The roles of the cation transporters CHX21 and CHX23 in the development of Arabidopsis thaliana.

机构信息

School of Biosciences, University of Birmingham, Edgbaston, Birmingham B15 2TT, UK.

出版信息

J Exp Bot. 2012 Jan;63(1):59-67. doi: 10.1093/jxb/err271. Epub 2011 Oct 5.

DOI:10.1093/jxb/err271
PMID:21976771
原文链接:https://pmc.ncbi.nlm.nih.gov/articles/PMC3245465/
Abstract

The Arabidopsis thaliana genome encodes a family of 28 proteins whose members have been associated with the transport of monovalent cations across membranes. Experiments have been performed to elucidate the biochemical function and the role in plant development of two closely related members of this CHX family. A genotype carrying a knockout of the AtCHX23 gene (At1g05580) showed no phenotype when grown in glasshouse conditions. In particular, it did not exhibit the reduced root growth phenotype observed for a knockout of its homologue AtCHX21 when exposed to elevated sodium concentration. However, it was not possible to produce plants that were homozygous knockout for both AtCHX21 and AtCHX23. Reverse transcription-PCR (RT-PCR) experiments revealed that both genes are highly expressed in flower buds, flowers, and pollen.

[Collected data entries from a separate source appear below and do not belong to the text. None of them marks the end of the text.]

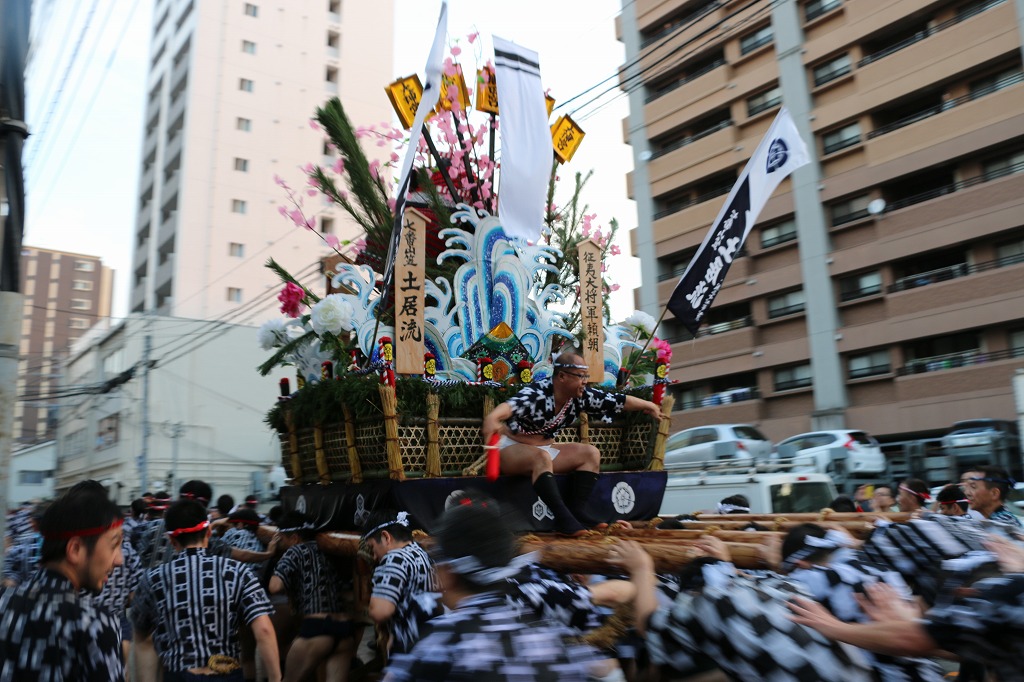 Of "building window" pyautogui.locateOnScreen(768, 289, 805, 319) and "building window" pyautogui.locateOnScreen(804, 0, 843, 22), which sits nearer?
"building window" pyautogui.locateOnScreen(804, 0, 843, 22)

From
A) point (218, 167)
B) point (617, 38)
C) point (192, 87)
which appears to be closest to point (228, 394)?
point (218, 167)

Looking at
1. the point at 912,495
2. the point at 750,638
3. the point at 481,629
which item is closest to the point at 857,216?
the point at 912,495

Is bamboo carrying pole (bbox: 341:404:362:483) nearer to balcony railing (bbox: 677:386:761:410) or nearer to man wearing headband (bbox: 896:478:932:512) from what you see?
man wearing headband (bbox: 896:478:932:512)

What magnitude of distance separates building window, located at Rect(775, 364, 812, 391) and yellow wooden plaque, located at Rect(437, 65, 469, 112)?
21144 millimetres

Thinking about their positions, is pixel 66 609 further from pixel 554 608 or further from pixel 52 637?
pixel 554 608

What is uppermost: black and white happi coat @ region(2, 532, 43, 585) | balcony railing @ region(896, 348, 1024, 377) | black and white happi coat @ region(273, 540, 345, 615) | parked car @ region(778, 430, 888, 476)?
balcony railing @ region(896, 348, 1024, 377)

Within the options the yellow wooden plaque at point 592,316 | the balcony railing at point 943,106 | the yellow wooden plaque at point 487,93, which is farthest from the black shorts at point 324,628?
the balcony railing at point 943,106

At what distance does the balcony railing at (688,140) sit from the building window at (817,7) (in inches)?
165

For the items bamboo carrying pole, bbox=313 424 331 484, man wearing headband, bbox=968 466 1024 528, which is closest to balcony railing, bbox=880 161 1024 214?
man wearing headband, bbox=968 466 1024 528

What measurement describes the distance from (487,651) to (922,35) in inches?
1029

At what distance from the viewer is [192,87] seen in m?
33.1

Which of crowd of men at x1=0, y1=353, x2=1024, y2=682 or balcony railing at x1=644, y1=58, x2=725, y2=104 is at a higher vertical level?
balcony railing at x1=644, y1=58, x2=725, y2=104

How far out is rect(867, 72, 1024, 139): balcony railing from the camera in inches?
835

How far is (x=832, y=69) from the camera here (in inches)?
981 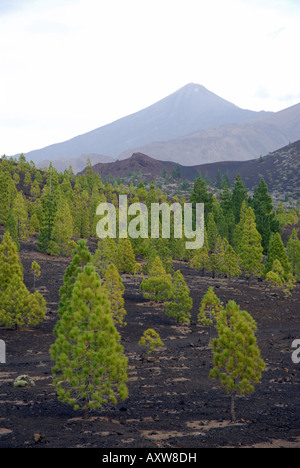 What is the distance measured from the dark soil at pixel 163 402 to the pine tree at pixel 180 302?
104 centimetres

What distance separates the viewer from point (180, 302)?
36.1m

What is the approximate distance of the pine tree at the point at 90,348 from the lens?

However, examination of pollen grain viability and pollen tube growth through excised styles did not reveal a phenotypic difference between the chx21(-)chx23(-) condition and other haplotypes. Crosses between selected mutants and wild-type plants in which the chx21(-)chx23(-) haplotype was produced by either the male or female parent demonstrated unequivocally that the chx21(-)chx23(-) haplotype could not pass through the female line. This suggests that the genes share a critical function in the development and/or function of the female gametophyte and that this function cannot be provided by other members of the AtCHX gene family. Experiments were carried out using the heterologous expression of AtCHX23 in Saccharomyces cerevisiae genotypes carrying combinations of deletions of genes involved in the transport of sodium or potassium across membranes. The results show that CHX23 would only complement the poor colony growth phenotype associated with the deletion of the yeast gene kha1. The conclusion is that both AtCHX21 and AtCHX23 act in potassium homeostasis within the female gametophyte and this is discussed in terms of the diversification of gene sequence and function within the CHX gene family.

摘要

拟南芥基因组编码了一个由 28 个蛋白组成的家族,这些蛋白成员与单离子跨膜运输有关。实验旨在阐明该 CHX 家族的两个密切相关成员的生化功能和在植物发育中的作用。在温室条件下生长时,携带 AtCHX23 基因(At1g05580)敲除突变体的基因型没有表型。特别是,当暴露于高钠浓度时,它没有表现出同源物 AtCHX21 敲除突变体观察到的根生长减少的表型。然而,不可能产生同时敲除 AtCHX21 和 AtCHX23 的纯合敲除突变体。反转录 PCR(RT-PCR)实验表明,这两个基因在花蕾、花朵和花粉中高度表达。然而,通过切除花柱检查花粉粒活力和花粉管生长并没有显示出 chx21(-)chx23(-) 条件与其他单倍型之间的表型差异。在选择的突变体和野生型植物之间进行杂交,其中 chx21(-)chx23(-) 单倍型由父本或母本产生,这明确表明 chx21(-)chx23(-) 单倍型不能通过雌性系传递。这表明这些基因在雌性配子体的发育和/或功能中具有关键作用,并且该功能不能由 AtCHX 基因家族的其他成员提供。使用 AtCHX23 在携带跨膜运输钠离子或钾离子相关基因缺失的酿酒酵母基因型中的异源表达进行了实验。结果表明,CHX23 仅能补充分离酵母基因 kha1 引起的菌落生长不良表型。结论是 AtCHX21 和 AtCHX23 在雌性配子体中的钾离子稳态中起作用,这是根据 CHX 基因家族中基因序列和功能的多样化来讨论的。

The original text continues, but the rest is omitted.